The transition management (TM) industry will continue be a challenging business for custodians due to decreasing margins, according to industry participants.
State Street revealed earlier this month it would cease its TM operations in London and Hong Kong due to a fall in demand for the services.
Citi and Northern Trust remain the other major custodians still in the business, while State Street is also retaining its business in Boston, Sydney and Singapore.
Industry experts explained to Global Custodian how tight margins within the industry may be forcing providers out of the market.
“Transition management margins continue to compress. One of the reasons we have seen a number of providers exiting the industry is because as in any other business, management have to consider the costs of running a business versus the revenues,” said Artour Samsonov, head of transition management for EMEA at Citi.
“So now transition managers need to have scale or cost-efficient access to the market.”
Custodians viewed TM as an area of growth in the early 2000s, but recent years has seen a major reshuffle among service providers. In 2013, Credit Suisse and JP Morgan both exited the business, only to be followed a year later by BNY Mellon.
Such exits have led to a smaller number of TM providers who also offer other custody and fund services which industry participants claim will impact on clients at the end of the value chain.

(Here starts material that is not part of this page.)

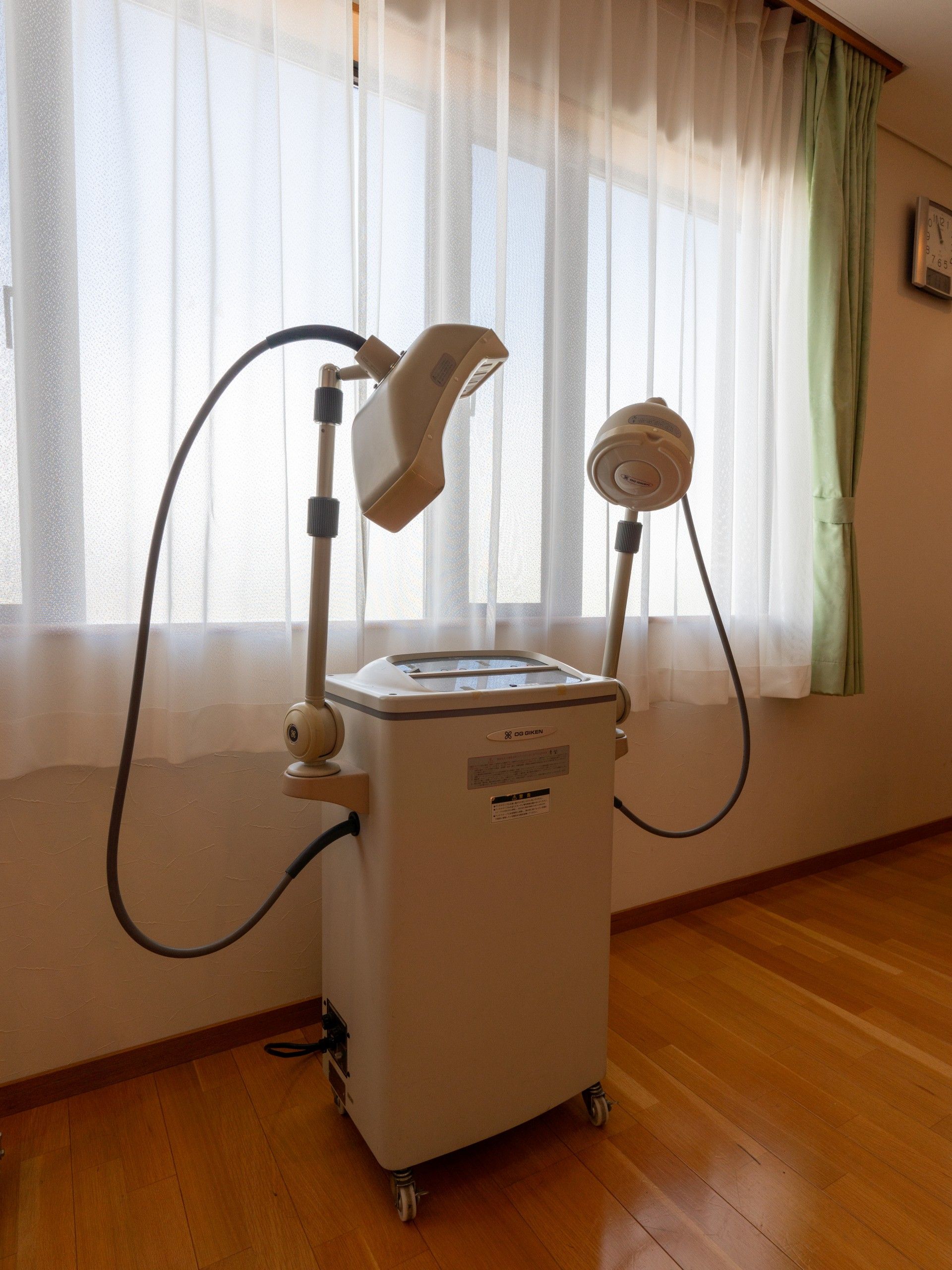 ケア用機器と窓辺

“The decreasing number of TM providers is pushing clients to consolidate their business among the remaining transition managers. The client potentially may see impact not in pricing but in a decline in the quality of service and concentration risk,” said Samsonov.
Ben Jenkins, global head of transition management at Northern Trust, explains how the State Street move may exacerbate issues clients currently face with a limited number of providers.

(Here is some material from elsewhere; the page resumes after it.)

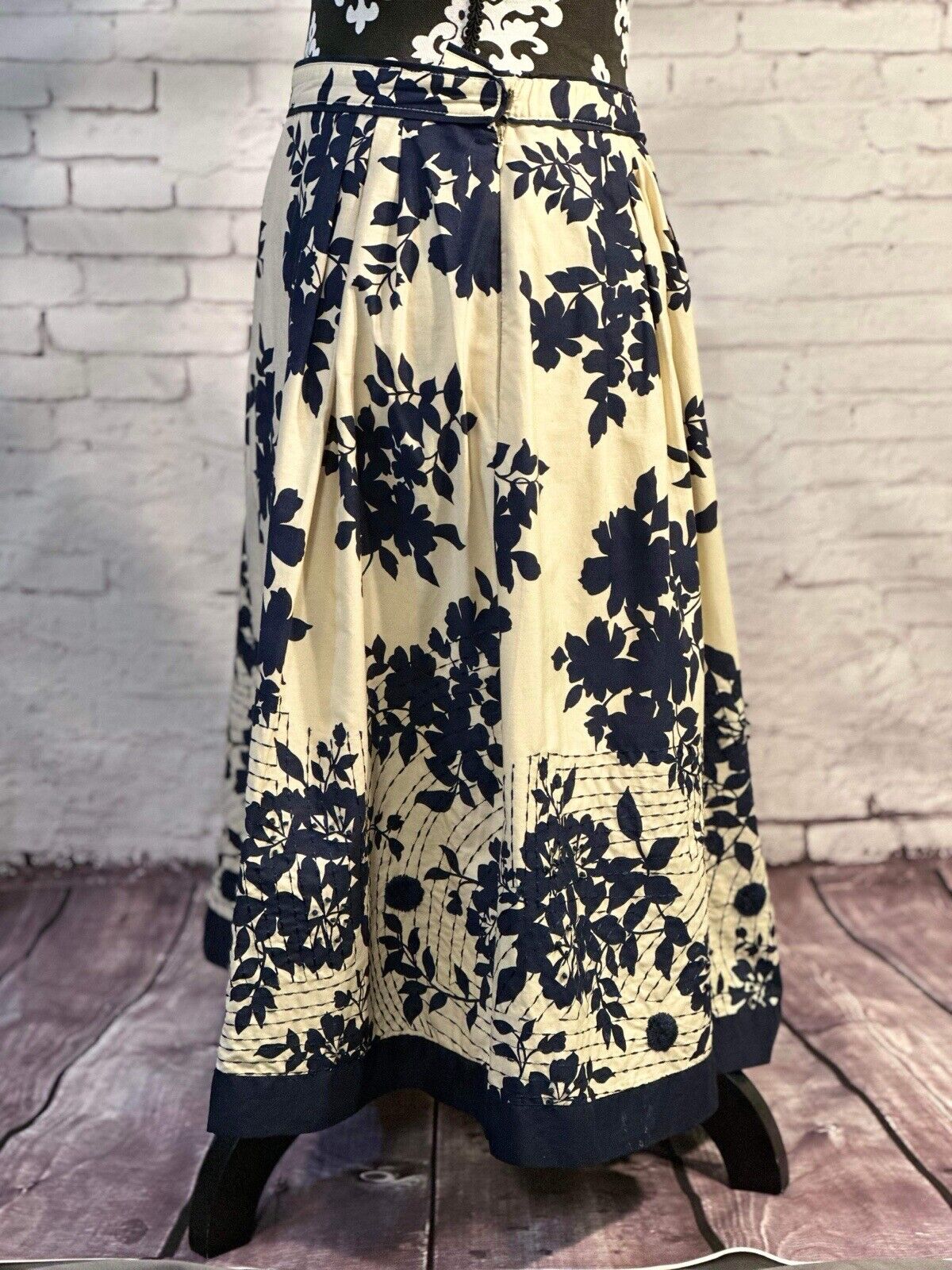 Coldwater Creek cotton Beige Navy Floral Skirt Size Small WCLTH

“In the same way you have an exit in any business, there are going to be participants that no longer have the solutions they had yesterday,” he said.
“This is a particular consideration for TM clients because it’s very much a relationship business between clients and providers so both parties need to be comfortable with who they are using as transition managers,” said Jenkins. In spite of issues concerning margins, TM services provided by custodians are well regarded according to results from GC and CIO’s 2016 transition management survey.
In the survey State Street achieved a global client satisfaction score of 4.85 which ranked second among providers to Macquarie. Citi ranked fifth with a score of 4.42 (very good) respectively.
Samsonov suggests that despite facing issues the TM business can be viable for providers who are a smaller part of a larger business.
“CitiTM is in a strong position as we are a part of the Citi Markets franchise because as a broker-dealer provider, Citi owns its own execution network and has direct access to the market which lowers the cost of access,” added Samsonov.
“CitiTM is also part of a multi-asset solutions business so we are credited with the benefit we bring to the whole of Citi’s franchise rather than an individual product group.”
Citi’s approach is having the desired effect achieving good scores in client satisfaction in the US and APAC regions particularly during GC’s survey.
In spite of challenging times for custodians in the TM industry, Jenkins suggests that industry may become more complex and that a balance between TM’s traditional space as a people-based business and technology developments will be crucial.
“In 10 years at Northern Trust we’ve seen the number of TM transactions decrease by 40% but at the same time you’re seeing the market value increase by the same level. This means we’re seeing clients conducting more complex transactions and they are centralising them.
“Also, although this is definitely a people–based business, analytics matter and technology matters. So it is a balancing act between people and technology and deeper analytics is where the industry is going,” said Jenkins.